▶ [Exercise]
Print, word for word, every line from the beginning of the listing up to and including the line with "Roni Bis Jacket". Pictures are to be excluded.

Exercise inputs below:

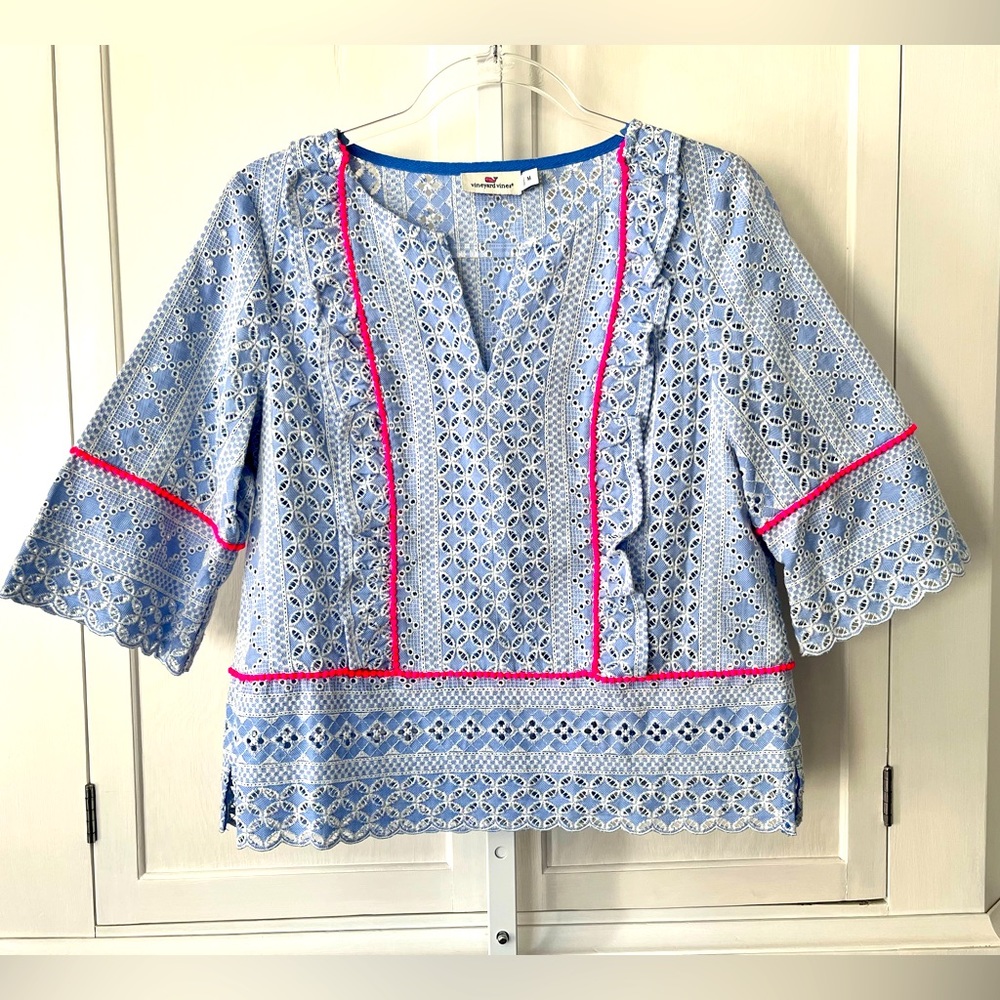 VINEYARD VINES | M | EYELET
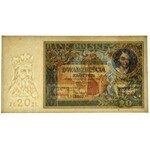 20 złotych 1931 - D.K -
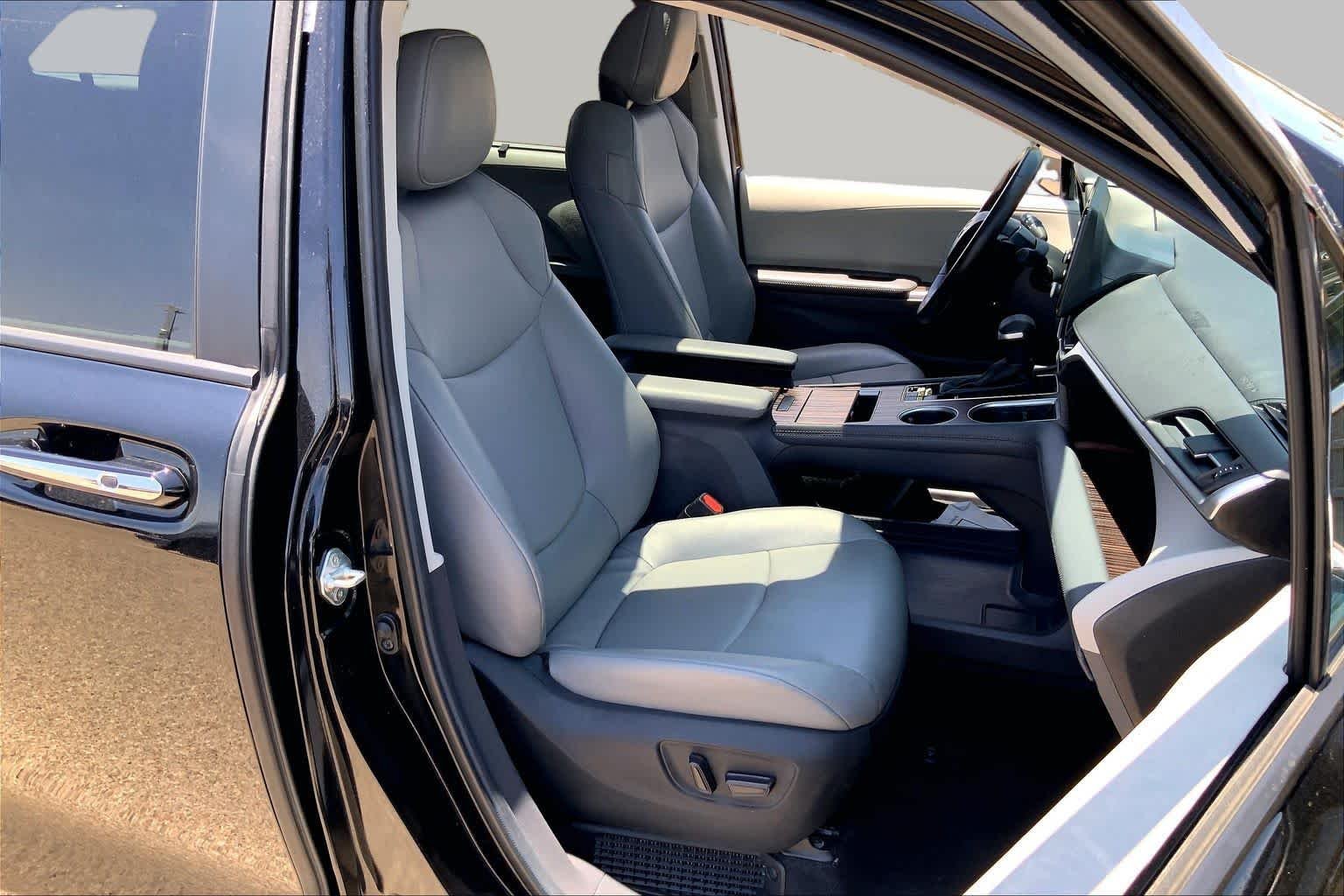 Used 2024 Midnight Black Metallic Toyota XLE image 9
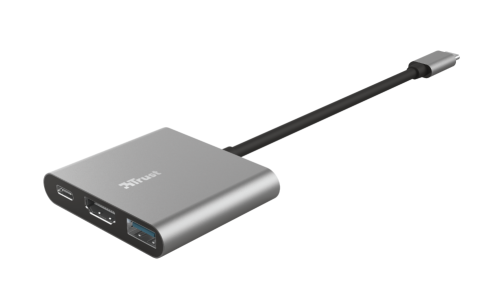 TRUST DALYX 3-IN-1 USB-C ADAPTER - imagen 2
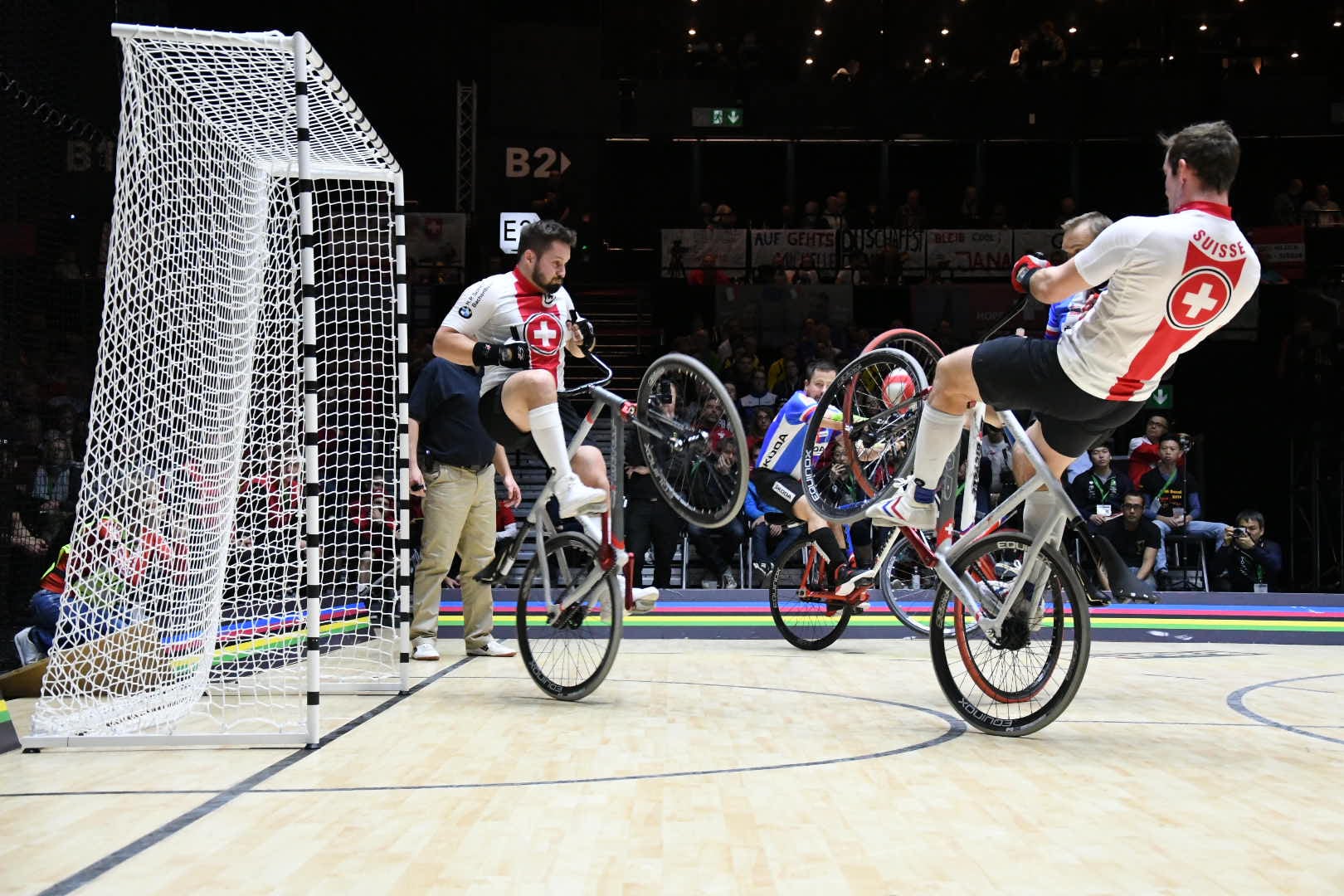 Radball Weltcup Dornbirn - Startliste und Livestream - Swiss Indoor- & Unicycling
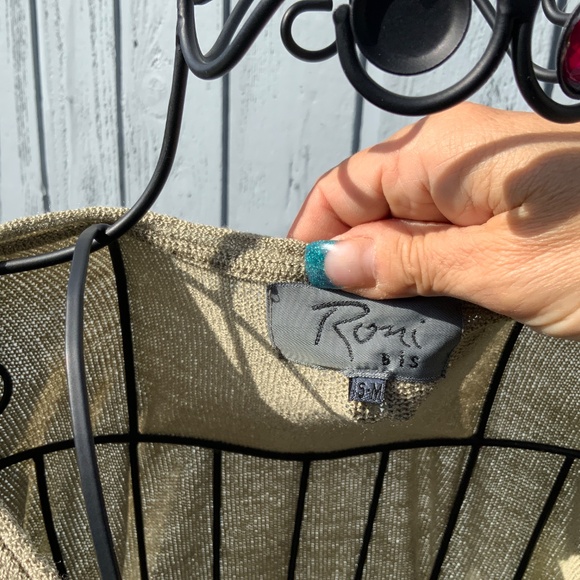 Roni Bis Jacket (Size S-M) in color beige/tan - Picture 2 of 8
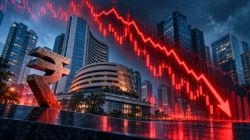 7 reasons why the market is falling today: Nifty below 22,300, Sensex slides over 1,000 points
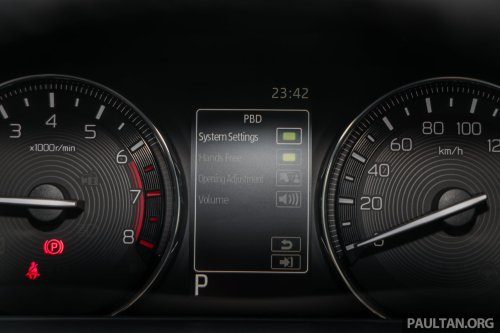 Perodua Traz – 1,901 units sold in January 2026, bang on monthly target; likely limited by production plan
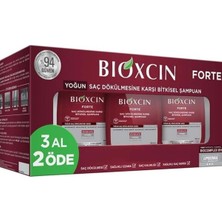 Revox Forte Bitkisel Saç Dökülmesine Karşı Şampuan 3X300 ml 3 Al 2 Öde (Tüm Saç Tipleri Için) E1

End of Exercise inputs.

▶ [Answer space]
 VINEYARD VINES | M | EYELET
 20 złotych 1931 - D.K -
 Used 2024 Midnight Black Metallic Toyota XLE image 9
 TRUST DALYX 3-IN-1 USB-C ADAPTER - imagen 2
 Radball Weltcup Dornbirn - Startliste und Livestream - Swiss Indoor- & Unicycling
 Roni Bis Jacket (Size S-M) in color beige/tan - Picture 2 of 8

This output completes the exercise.